Ce qui est drôle, c'est qu'en général il ne s'agit pas des couvertures traditionnelles mexicaines rayées de couleurs vives, comme on le voit si on tape "couverture mexicaine" dans une barre de recherche. Très souvent, ce sont des couvertures en polaire ou dans un autre tissu thermique new technology aux imprimés contemporains, c'est à dire, la plupart du temps, des personnages de dessins animés, des Cenicienta, des Blanca Nieve, des Bella Durmiente, tout un défilé de princesses Disney, d'aristochats, de Jimminy Cricket et de Polochon, mais aussi de chevaux qui galopent, de chiens qui tirent la langue, de dauphins qui cabriolent, de Bob l'éponge aux gros yeux bleus, de petits Minions, de Lapins Crétins, d'Angry Birds, de Woody et Buzz l'Eclair, tendus comme des étendards internationaux sur les épaules des petits et des grands.

Ici, pas de couettes, pas d'édredons, pas de sacs de couchage ou si peu : à la maison ou au camping, on se chauffe sous des couvertures, les modernes de dessin animé ou les anciennes en coton tressé avec leurs franges blanches et leur géométrie, ou encore celles en coton bouilli et râpeux avec leurs carrés à l'écossaise - celles-là, même quand dans les magasins on les voit neuves, sous emballage plastique, on a l'impression qu'elles ont réchauffé trois générations avant nous et qu'elles sentent déjà la poussière.

Si on a froid, le principe est simple : on empile. La nuit, c'est une nécessité. Les maisons sont souvent très mal isolées, voire pas isolées du tout, ouvertes aux courants d'air et à l'humidité. Dans ces terres qui n'ont qu'une idée vague des rudesses de l'hiver, le chauffage central n'existe pas. Quelques radiateurs électriques parfois, quelques braseros. Mais l'empilement de couvertures reste la première arme contre les frissons nocturnes ; personnellement, ça a été un de mes premiers investissements - mon nez trop délicat supportant relativement mal l'odeur de renfermé de la couverture de la logeuse, de toute façon trop fine pour le froid montagnard de Guanajuato. (Rien cependant ne remplacera jamais la chaleur d'un corps aimé).

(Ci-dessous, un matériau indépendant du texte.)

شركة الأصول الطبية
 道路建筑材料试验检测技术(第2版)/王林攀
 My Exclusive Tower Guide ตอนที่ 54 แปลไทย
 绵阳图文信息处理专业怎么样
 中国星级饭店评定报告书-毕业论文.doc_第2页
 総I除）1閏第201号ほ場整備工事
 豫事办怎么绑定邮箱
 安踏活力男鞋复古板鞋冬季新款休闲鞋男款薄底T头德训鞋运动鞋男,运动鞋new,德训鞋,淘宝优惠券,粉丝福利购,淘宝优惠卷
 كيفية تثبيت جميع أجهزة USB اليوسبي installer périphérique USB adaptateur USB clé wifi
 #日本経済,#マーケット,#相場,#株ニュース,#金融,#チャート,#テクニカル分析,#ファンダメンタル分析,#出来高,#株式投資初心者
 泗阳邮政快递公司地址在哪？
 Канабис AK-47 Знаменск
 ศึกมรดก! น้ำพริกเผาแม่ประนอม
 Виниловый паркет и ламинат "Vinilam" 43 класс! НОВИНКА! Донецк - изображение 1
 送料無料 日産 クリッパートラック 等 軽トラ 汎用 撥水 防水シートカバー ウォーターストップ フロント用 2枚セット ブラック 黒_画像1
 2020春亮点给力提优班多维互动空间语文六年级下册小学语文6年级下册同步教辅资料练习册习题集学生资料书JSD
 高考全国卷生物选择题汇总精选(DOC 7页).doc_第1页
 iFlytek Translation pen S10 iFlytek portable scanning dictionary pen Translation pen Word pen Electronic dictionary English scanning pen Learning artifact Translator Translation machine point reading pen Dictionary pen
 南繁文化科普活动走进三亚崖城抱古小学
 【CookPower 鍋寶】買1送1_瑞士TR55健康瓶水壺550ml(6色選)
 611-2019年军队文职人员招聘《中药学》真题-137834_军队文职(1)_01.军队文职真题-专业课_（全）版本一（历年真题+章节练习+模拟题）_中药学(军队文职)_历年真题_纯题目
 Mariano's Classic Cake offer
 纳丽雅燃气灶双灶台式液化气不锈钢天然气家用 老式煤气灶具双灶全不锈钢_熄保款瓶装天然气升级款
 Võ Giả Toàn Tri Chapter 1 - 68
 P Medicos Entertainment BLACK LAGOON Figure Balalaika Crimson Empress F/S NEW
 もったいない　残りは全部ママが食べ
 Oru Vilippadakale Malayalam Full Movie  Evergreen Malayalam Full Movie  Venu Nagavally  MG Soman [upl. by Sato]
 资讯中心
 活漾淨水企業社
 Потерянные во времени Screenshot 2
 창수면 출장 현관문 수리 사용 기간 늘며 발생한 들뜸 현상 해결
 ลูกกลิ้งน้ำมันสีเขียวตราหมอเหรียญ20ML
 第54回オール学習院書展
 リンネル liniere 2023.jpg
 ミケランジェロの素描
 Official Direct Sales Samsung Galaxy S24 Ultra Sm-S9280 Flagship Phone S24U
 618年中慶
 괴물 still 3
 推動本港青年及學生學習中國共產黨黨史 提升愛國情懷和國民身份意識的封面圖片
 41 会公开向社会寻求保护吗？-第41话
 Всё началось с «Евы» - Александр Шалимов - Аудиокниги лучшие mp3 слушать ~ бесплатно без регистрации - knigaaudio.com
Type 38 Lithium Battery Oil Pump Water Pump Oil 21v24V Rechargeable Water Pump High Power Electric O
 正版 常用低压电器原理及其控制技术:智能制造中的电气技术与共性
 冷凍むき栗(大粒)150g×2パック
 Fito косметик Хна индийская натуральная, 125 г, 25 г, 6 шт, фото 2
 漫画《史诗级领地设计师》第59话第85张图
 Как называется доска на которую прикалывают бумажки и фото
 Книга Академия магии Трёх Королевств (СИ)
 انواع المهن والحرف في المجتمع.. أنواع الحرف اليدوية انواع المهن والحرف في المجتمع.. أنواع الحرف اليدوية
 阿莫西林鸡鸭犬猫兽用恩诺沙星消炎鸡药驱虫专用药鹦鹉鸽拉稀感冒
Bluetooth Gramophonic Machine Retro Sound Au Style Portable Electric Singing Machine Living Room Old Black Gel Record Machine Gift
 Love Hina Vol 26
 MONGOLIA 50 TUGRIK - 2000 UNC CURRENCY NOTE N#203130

Les couvertures sont si importantes qu'elles font souvent l'objet des campagnes des associations qui luttent contre la pauvreté : donnez une couverture pour réchauffer une famille, comme chez nous on donne des pâtes, du riz, du sucre ou des conserves. Le don de cobijas se présente comme l'expression première de la solidarité envers les plus démuni-e-s, le symbole de la chaleur et du réconfort donné,partagé, offert : preuve s'il fallait encore s'en convaincre que la couverture au Mexique, c'est toute une institution.